= David James Wylie =

Canadian politician

David James "Joe" Wylie (1 July 1859 – 26 September 1932) was an English-born civil engineer, farmer, rancher and political figure in Saskatchewan. He represented Maple Creek in the Legislative Assembly of Saskatchewan from 1905 to 1917 as a Provincial Rights Party member.
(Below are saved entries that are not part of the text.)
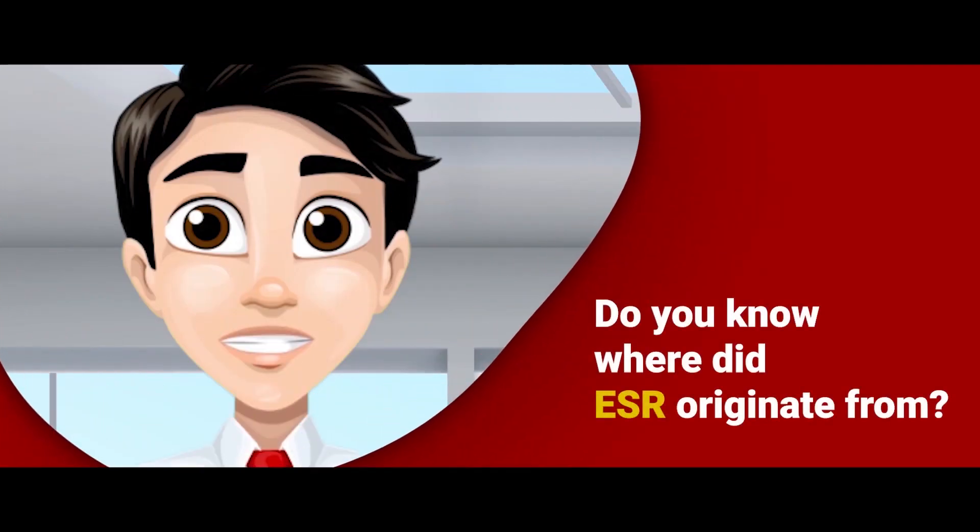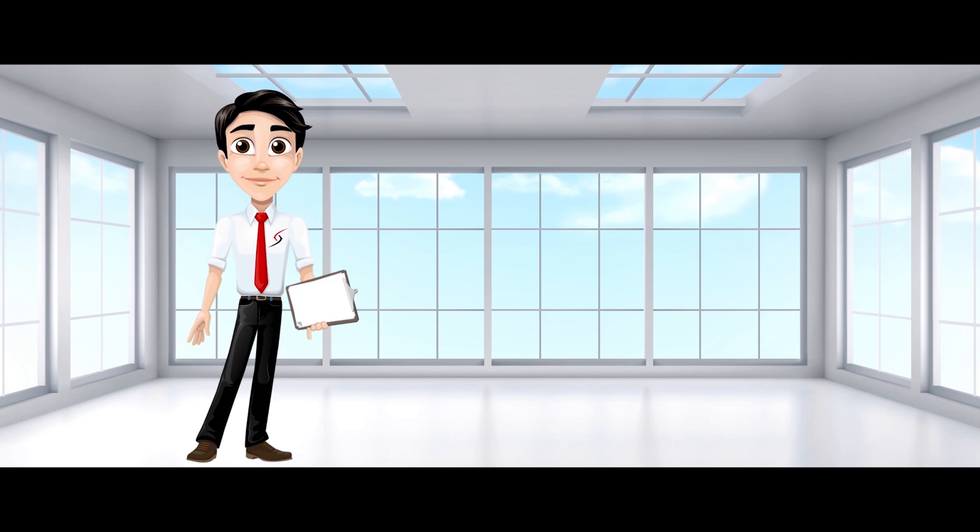Do you know where Economic Substance Regulation, ESR, originated from?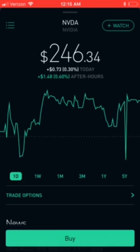There you go — we've bought a spread on Robinhood. Pretty straightforward and simple. Thanks for watching!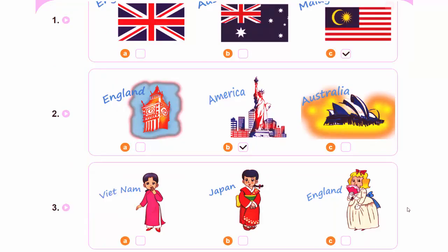3. Hi, my name's Akiko. Hello, Akiko. I'm Linda. Nice to meet you. Where are you from, Linda? I'm from England.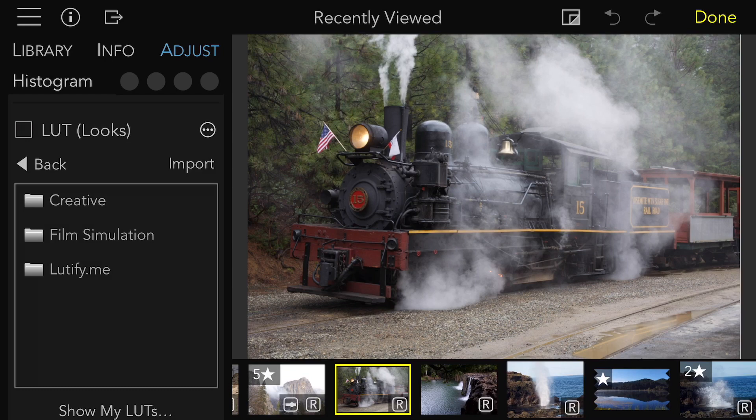Film Simulations are designed to be similar but not identical to some analog films. Simulations can only include color, so they cannot contain grain or other effects like vignetting.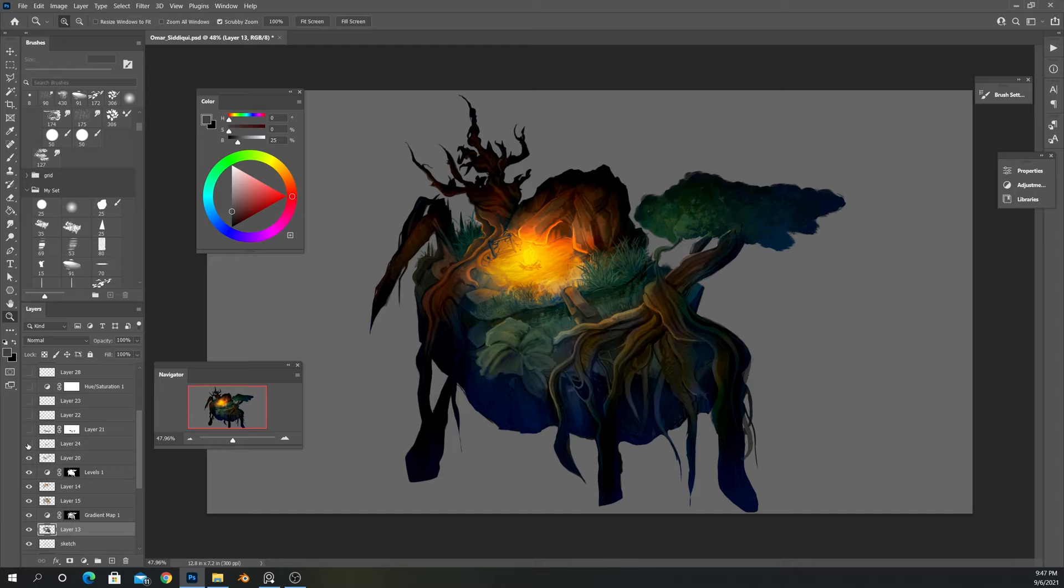And then I added some foliage, maybe polished the tree branches a little bit more, the roots. And then I dropped in some texture on the leaves and on the tree trunk as well, and then darkened the lower part of the island itself.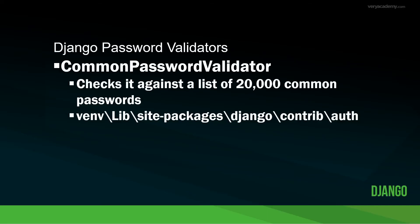So next up, we have the common password validator. So here Django checks your password or the user's password against a list of 20,000 common passwords.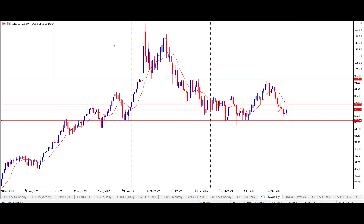Good morning traders and welcome to this morning's live daily market opportunity from Smart Online Trader. In this morning's opportunity I'll be looking at the XTI/USD contract — that's crude oil in US dollars — and I'll be taking a long trade at the market price of 73 US dollars and 84 cents.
He was born in Shrewsbury and was educated at Cheltenham College. His sister was Barbara Wylie, the British suffragette. Wylie came to Canada in 1880, settling in Manitoba. In 1882, he moved to Medicine Hat in the North-West Territories' District of Assiniboia. Wylie served with the Rocky Mountain Rangers during the North-West Rebellion of 1885. In 1889, he married Rachel Botterill. Wylie farmed near Lethbridge and then became manager for the Sir John Lister Kaye Ranch near Maple Creek. In 1897, he became manager for the Maple Creek Cattle Company. Around 1905, he bought out the company. Wylie raised horses for a time but was mainly raising cattle. He was defeated by Alexander John Colquhoun when he ran for reelection in 1917. Wylie ran unsuccessfully for a seat in the Canadian House of Commons in 1921 as a Conservative.